O presidente dos EUA, Donald Trump, rejeitou a contraproposta do Irão para pôr fim à guerra de 10 semanas no Médio Oriente, chamando-a de “totalmente inaceitável”, enquanto Teerão prometeu “nunca curvar-se”, prolongando um impasse que sufocou o Estreito de Ormuz e perturbou os mercados globais de energia. O primeiro-ministro israelense, Benjamin Netanyahu, disse no domingo que a guerra com o Irã “não acabou”, já que os EUA e Israel ainda pretendem pôr fim às ambições nucleares de Teerã.

O petróleo está a subir, registando ganhos face às perdas da semana passada. Os mercados asiáticos estão a divergir, com o Kospi da Coreia do Sul a atingir outro novo recorde, mas o resto da região está misto e bastante silencioso, com esse sentimento também a reflectir-se nos futuros para os mercados dos EUA e da Europa.

No Reino Unido, a libra está sob alguma pressão enquanto o primeiro-ministro Keir Starmer luta pela sua vida política com um discurso de ‘reinicialização’ de alto risco hoje, depois de o seu Partido Trabalhista, no poder, ter sofrido grandes perdas nas eleições locais. Mas pode ser demasiado pouco, demasiado tarde – com a ex-ministra Catherine West a dizer que lançará hoje um desafio de liderança, a menos que um ministro se apresente para desafiar Starmer.

No que diz respeito aos dados, a inflação ao consumidor e ao produtor da China aumentou mais do que o esperado em Abril, à medida que o conflito no Médio Oriente aumentava os custos das matérias-primas.
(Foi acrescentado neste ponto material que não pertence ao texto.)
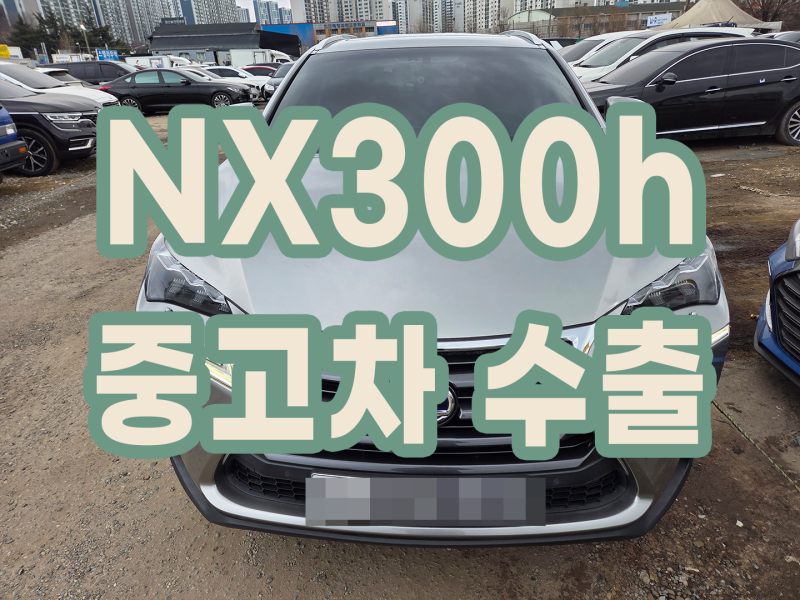 렉서스 nx300h 중고 가격 시세 잘 받는 방법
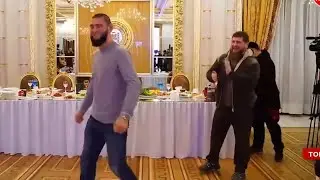 Боец UFC  Хамзат чимаев зажигает лезгинка полный версия Рамзан Кадыров 2021 Чечня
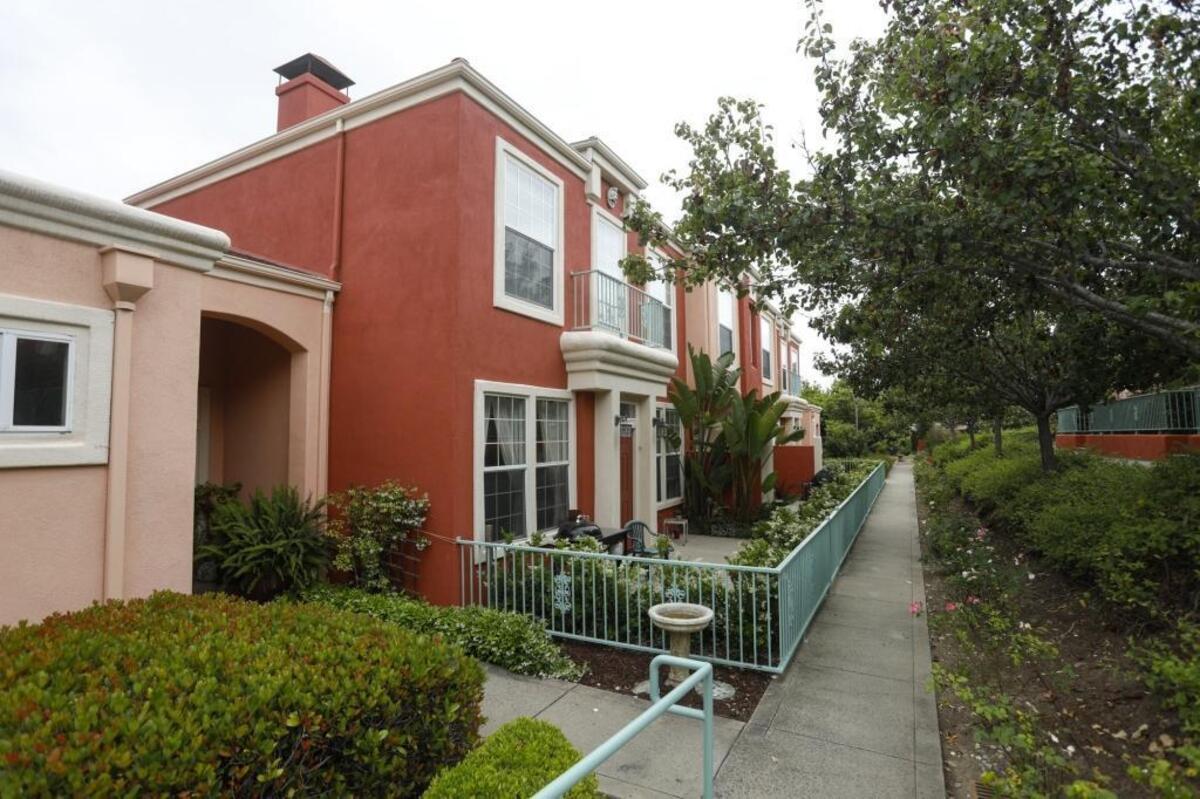 2909 Garibaldi Ave. is a condo tucked behind the retail businesses on Broad Street, listed at $519,000.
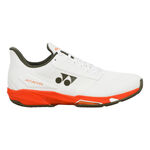 Scarpe da tennis Yonex Yonex Power Cushion Scarpa per tutte le superfici Uomini - bianco, arancione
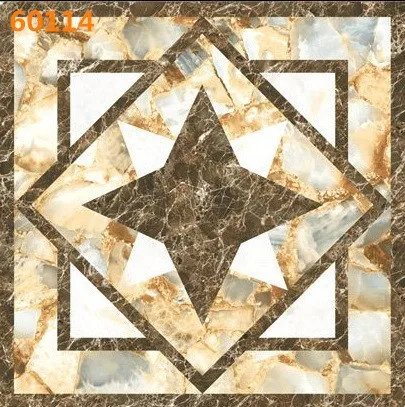 AAA grade Quality high glossy full polish marble porcelain floor tile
O crescimento das exportações também acelerou em Abril, à medida que as fábricas corriam para satisfazer uma onda de encomendas estrangeiras de compradores que procuravam armazenar componentes, no meio de receios de que a guerra no Irão pudesse aumentar ainda mais os custos globais dos factores de produção.

A guerra do Irão deverá ocupar o centro das atenções na cimeira entre o presidente Donald Trump e o presidente chinês Xi Jinping esta semana, deixando menos espaço para resolver questões como tarifas e fornecimentos de terras raras. O líder dos EUA deverá chegar a Pequim na noite de quarta-feira, com uma cerimónia de abertura e uma reunião bilateral na manhã seguinte.

E em termos de lucros, a Saudi Aramco reportou um salto anual de 26% nos lucros do primeiro trimestre no domingo, superando as previsões dos analistas, à medida que um oleoduto chave que lhe permite contornar o estreito de Ormuz atingiu a capacidade total.